J Clin Nurs. 2024 Dec 22. doi: 10.1111/jocn.17618. Online ahead of print.

Abstract

Aims: To investigate the impact of the nursing practice environment, nurse staffing, working overtime and compliance with hand hygiene standards on hospital-acquired infections.

Design: A multi-source quantitative study.

Methods: Nursing data were collected from selected wards in one hospital between 18 January 2021 and 15 March 2021. Hand hygiene compliance data were obtained retrospectively from Hand Hygiene Australia Audits between July 2018 and June 2021. Patient data were gathered from July 2018 to June 2021. Data from the three sources were linked together at the episode of care level. Descriptive statistics were used to summarise participant characteristics, and multiple logistic regression was employed to assess associations between the nursing practice environment, nurse staffing, overtime and hand hygiene with hospital-acquired infections.
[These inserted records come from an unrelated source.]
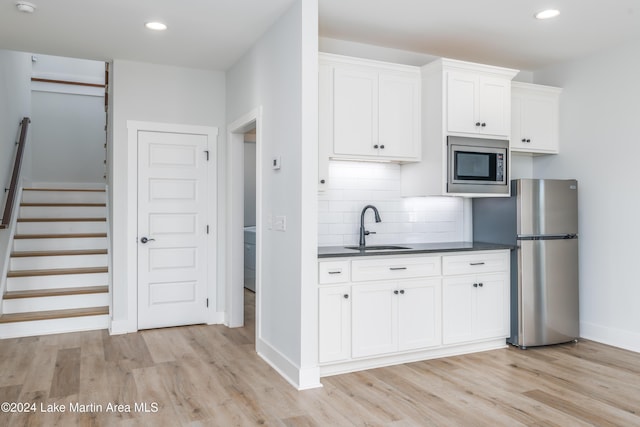 kitchen with white cabinets, appliances with stainless steel finishes, light hardwood / wood-style floors, and sink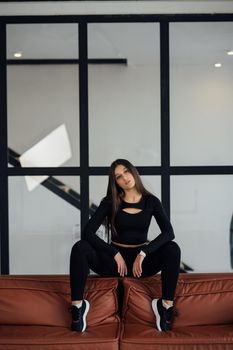 Pretty athletic girl sitting on sofa back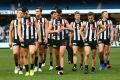 The defeated Magpies walk off the ground but coach Nathan Buckley still hopes for finals.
Results: A total of 361 nurses participated in the nursing survey. There were 13,440 hand hygiene moments assessed, and 10,924 (81.3%) correct practices were observed. There were 71,257 patient care episodes, including 2037 with hospital-acquired infections. The odds of hospital-acquired infections decreased by 19% for every 10% increase in nurses' compliance with hand hygiene and decreased by 7% for each one standard deviation increase in the nursing practice environment scale. Each additional patient per nurse was associated with a 42% increase in the odds of a hospital-acquired infection.

Conclusion: This study found evidence that a favourable nursing practice environment, reduced nurse workload and compliance with hand hygiene are linked to a lower risk of hospital-acquired infections.

Impact: A favourable nursing practice environment contributes to fewer hospital-acquired infections. Monitoring of hand hygiene compliance provides important local information to support improvements in practice. Findings from this study can be used to support the implementation of safe nurse staffing policies that guide implementation of nurse-to-patient ratios.

Reporting method: RECORD Checklist.

Patient or public contribution: No Patient/Public Contribution.

Keywords: hand hygiene; hand hygiene compliance; hospital‐acquired infections; nurse staffing; nursing practice environment; overtime.